A graph autoencoder encodes graph structure into a latent space, then decodes to reconstruct the original edges. The encoder is a GNN that maps each node to a low-dimensional vector. The decoder predicts whether an edge exists between two nodes based on the similarity of their vectors. Nodes that are connected in the original graph should have similar embeddings. This is unsupervised: no task labels are needed.
Graph autoencoders serve two purposes: producing high-quality node embeddings for downstream tasks, and performing link prediction to discover missing connections. Both are critical for enterprise applications where the graph is always incomplete.
Architecture
A graph autoencoder has two components:
- Encoder: a GNN (typically 2-layer GCN) that maps each node's features and neighborhood to a latent vector z_i.

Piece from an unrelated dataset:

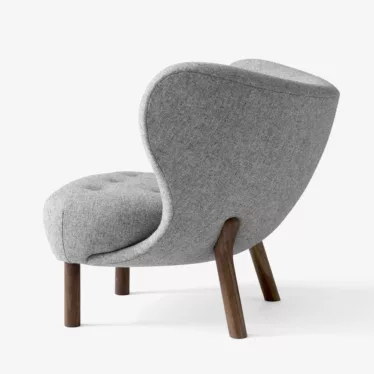 Little Petra VB1 Lounge chair - Grå Halligdal 130 / Oljet valnøtt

- Decoder: predicts edge probability as sigmoid(z_i · z_j). Nodes with similar embeddings are predicted to be connected.
import torch
from torch_geometric.nn import GCNConv, GAE
class GCNEncoder(torch.nn.Module):
def __init__(self, in_dim, hidden_dim, out_dim):
super().__init__()
self.conv1 = GCNConv(in_dim, hidden_dim)
self.conv2 = GCNConv(hidden_dim, out_dim)
def forward(self, x, edge_index):
x = self.conv1(x, edge_index).relu()
return self.conv2(x, edge_index)
# Wrap encoder in GAE
encoder = GCNEncoder(16, 32, 16)
model = GAE(encoder)
# Encode: produce node embeddings
z = model.encode(data.x, data.edge_index)
# z.shape: [num_nodes, 16]
# Decode: reconstruct edges
# model.decoder(z, edge_index) -> edge probabilities
# Loss: binary cross-entropy on edge reconstruction
loss = model.recon_loss(z, data.edge_index)GAE wraps any GNN encoder. The decoder (inner product) and loss (reconstruction) are built in.
Variational graph autoencoder (VGAE)
VGAE extends GAE by making the encoder probabilistic. Instead of producing a single embedding z_i, the encoder produces a mean vector mu_i and a log-variance vector, defining a Gaussian distribution. The actual embedding is sampled from this distribution during training.
from torch_geometric.nn import VGAE
class VGCNEncoder(torch.nn.Module):
def __init__(self, in_dim, hidden_dim, out_dim):
super().__init__()
self.conv1 = GCNConv(in_dim, hidden_dim)
self.conv_mu = GCNConv(hidden_dim, out_dim) # mean
self.conv_logstd = GCNConv(hidden_dim, out_dim) # log-variance
def forward(self, x, edge_index):
x = self.conv1(x, edge_index).relu()
return self.conv_mu(x, edge_index), self.conv_logstd(x, edge_index)
model = VGAE(VGCNEncoder(16, 32, 16))
z = model.encode(data.x, data.edge_index)
# VGAE loss = reconstruction + KL divergence
loss = model.recon_loss(z, data.edge_index) + (1 / data.num_nodes) * model.kl_loss()VGAE produces distributions instead of point embeddings. KL loss regularizes the latent space.
Enterprise example: supplier relationship discovery
A manufacturing company has a known supplier graph: companies connected by existing supply relationships. But the graph is incomplete: many potential supplier relationships are unknown.
- Nodes: 50,000 companies with features (industry, size, location, capabilities)
- Known edges: 200,000 existing supply relationships
- Goal: discover missing supplier relationships for supply chain diversification
Train a VGAE on the existing supplier graph. The encoder learns company embeddings that capture both features and graph position. Decode all possible pairs: company pairs with high predicted edge probability but no existing edge are candidate new supplier relationships. Ranked by score, the top candidates are the most structurally compatible companies that do not yet have a direct relationship.
Link prediction evaluation
To evaluate a graph autoencoder for link prediction:
- Split edges into train (85%), validation (5%), and test (10%)
- Train the model on the training edges only
- Score held-out positive edges and an equal number of negative (non-existent) edges
- Compute AUC and Average Precision
On the Cora citation network, VGAE achieves ~91% AUC for link prediction. On larger enterprise graphs with richer features, performance is typically higher.